The Olympics, after all, are almost always defined by failure as much as success. LoLo Jones’ stumble. Lindsay Jacobellis’ hotdogging. Bode Miller easing his way down the mountain. Dan Janssen’s epic pursuits. On and on. The Dream Team was borne out of two bitter basketball defeats in 1972 and 1988, losses to the Soviets far more memorable than any of the games the U.S. won between 1936 and 1992.

And it isn’t an American issue, as poor Borislaw illustrated above. In 2000, a Moroccan miler named Hicham El Guerrouj finished second in the 1,500 meters, and instead of being saluted as a silver medalist the first question he faced was this: “How does it feel to let 30 million Moroccans down?”

Phelps has known only success, and it shows. He is unaffected.

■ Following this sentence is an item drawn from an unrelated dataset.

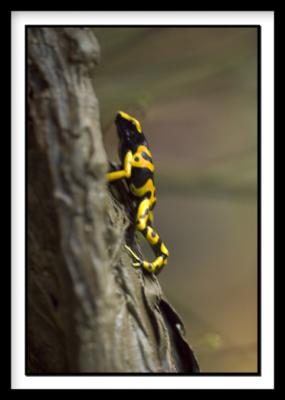D-Frog_0477.jpg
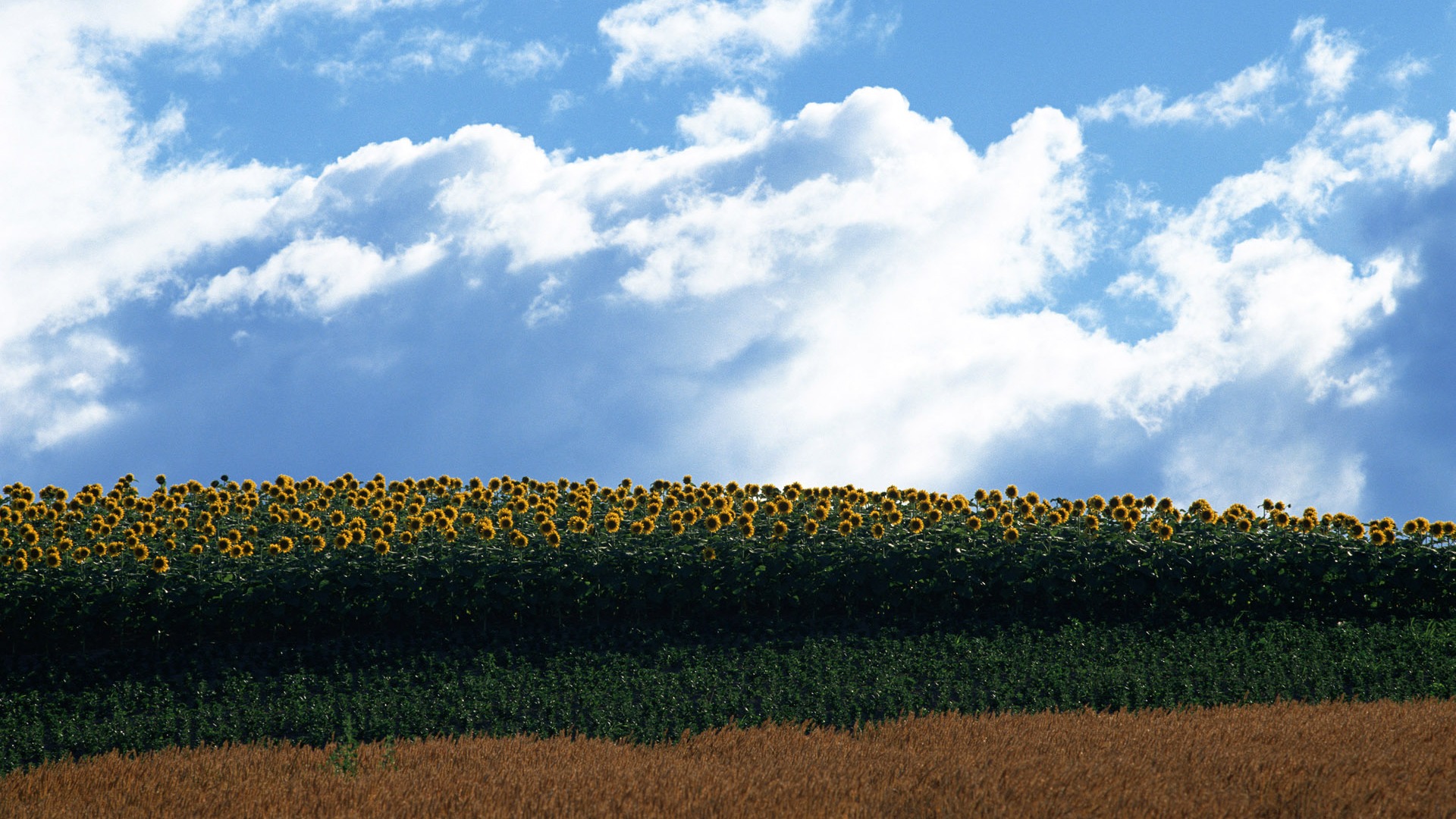 Blue Sky slunečnice širokoúhlý Tapeta #20 - 1920x1080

It might explain why one of his teammates, a nobody named Tyler Clary, made the ludicrous assertion not long ago that Phelps might really have been something else if he’d only worked harder at it.

And might also explain why it seems perfectly accurate when Phelps speaks of his goals at these Olympics (where he’ll be entered in only seven events, having dropped the 200-meter freestyle from his ’08 roster), he seems like the least burdened athlete at the Games, even as the most decorated one.

“How many toppings do I want on my sundae?” Phelps asked, sounding a lot like Usain Bolt, the Jamaican sprinter who will take the baton and be Week Two’s version of Phelps. Bolt said yesterday: “My main goal is to become a legend.”

A confident pair in a place where calamity so often reigns, immune even to a planet full of expert texperts.